## Required work
A word-for-word copy of the data is what's wanted, with no pictures.

## Information provided
• • • • •

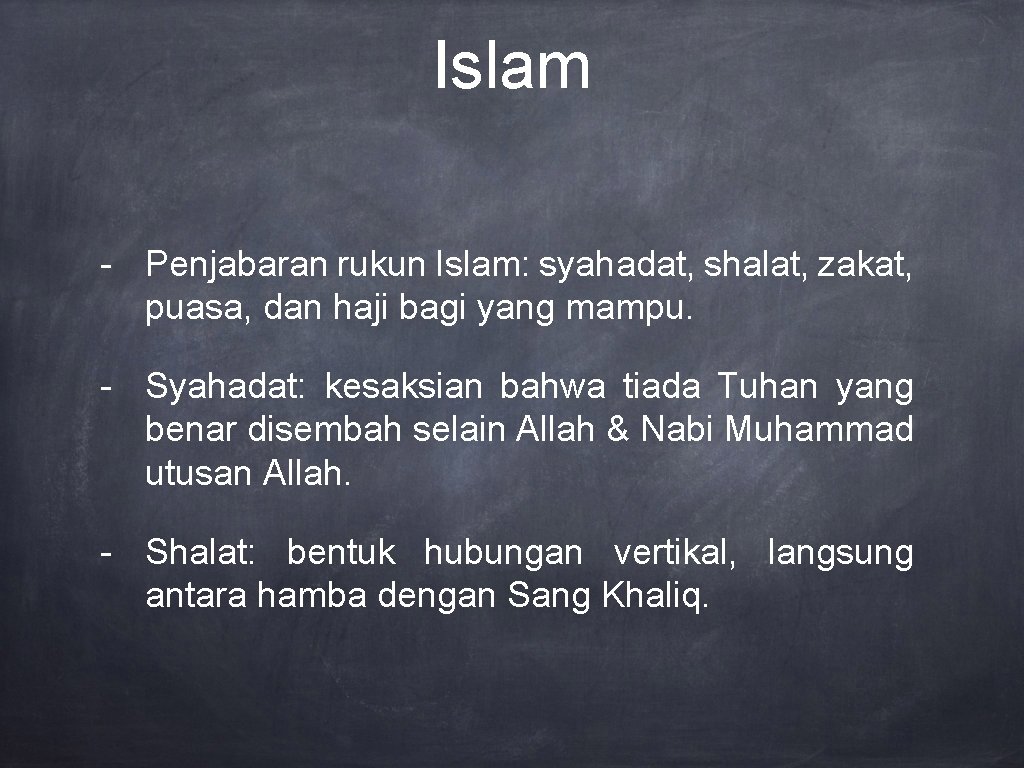 Islam - Penjabaran rukun Islam: syahadat, shalat, zakat, puasa, dan haji bagi yang mampu.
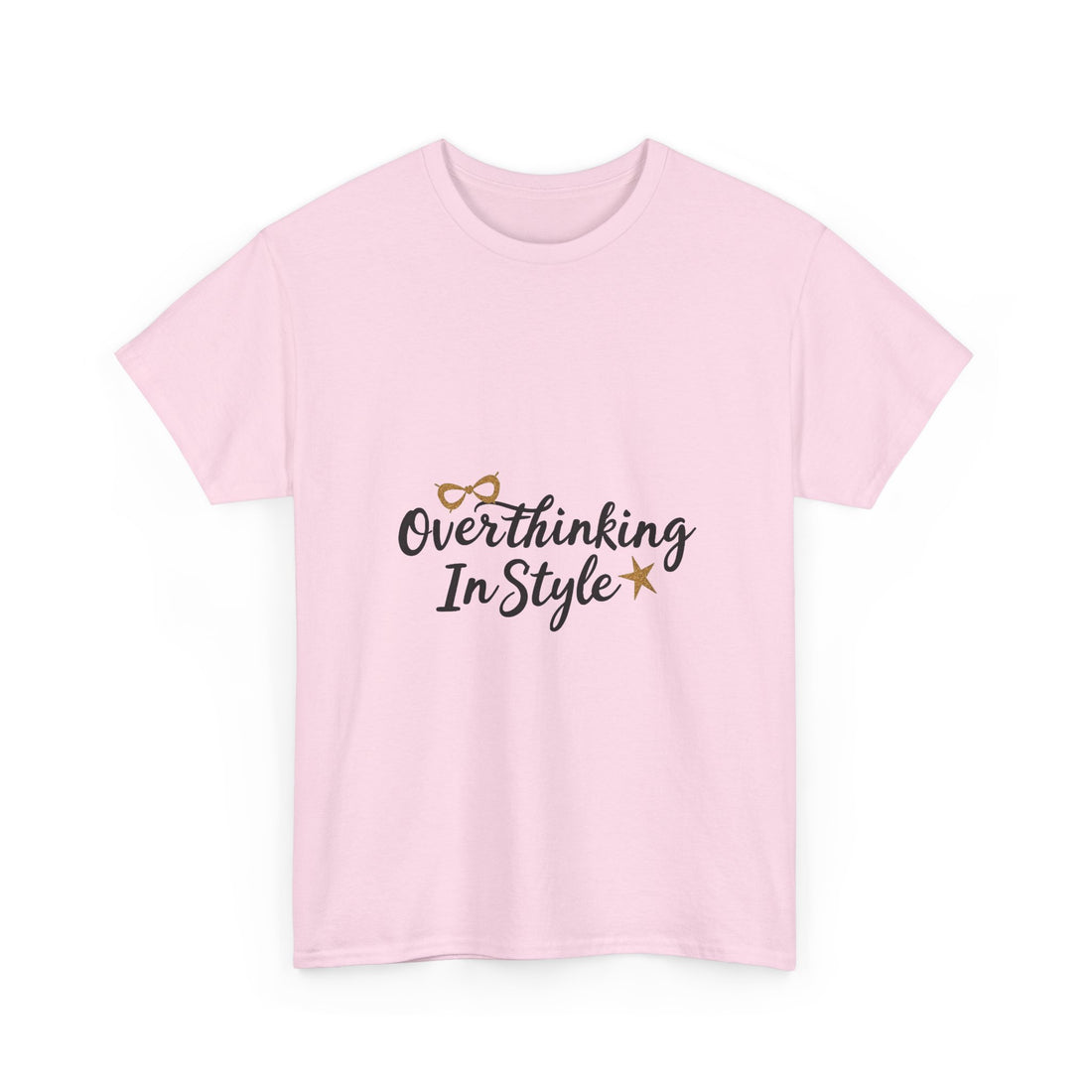 'Overthinking In Style' Funny Graphic Women’s Casual T-Shirt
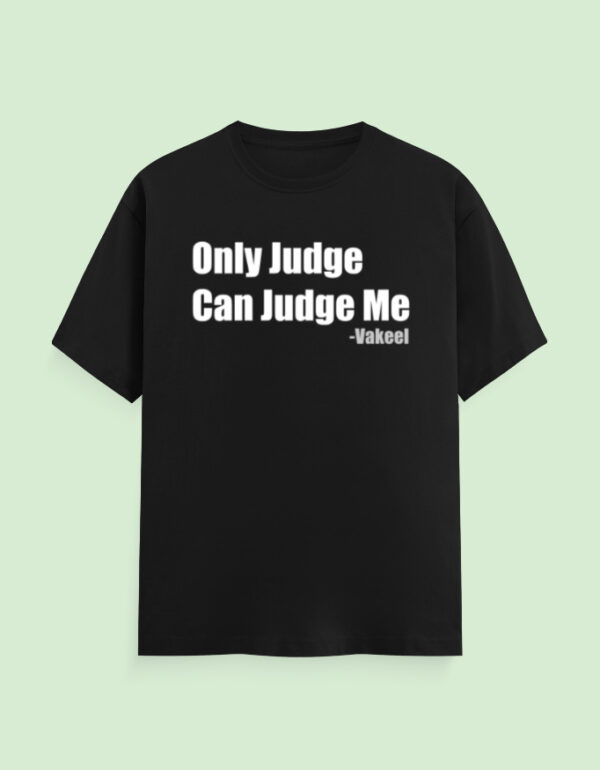 Only Judge Can Judge Me T-Shirt - Image 2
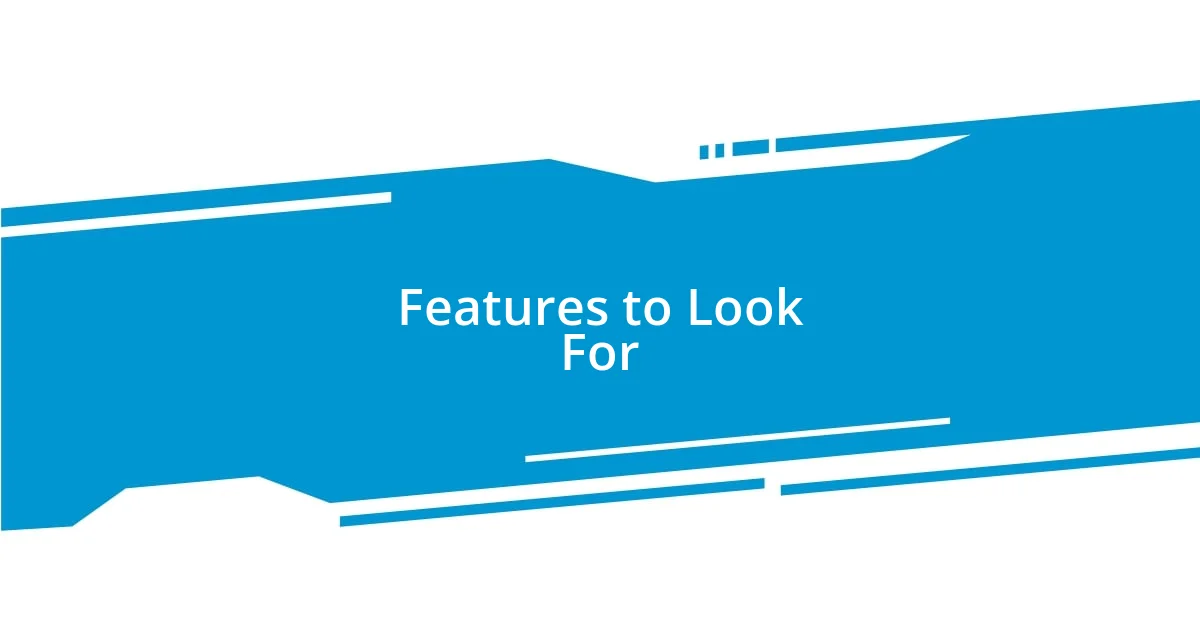 Features to Look For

• • • • •

## Solution
 Islam - Penjabaran rukun Islam: syahadat, shalat, zakat, puasa, dan haji bagi yang mampu.
 'Overthinking In Style' Funny Graphic Women’s Casual T-Shirt
 Only Judge Can Judge Me T-Shirt - Image 2
 Features to Look For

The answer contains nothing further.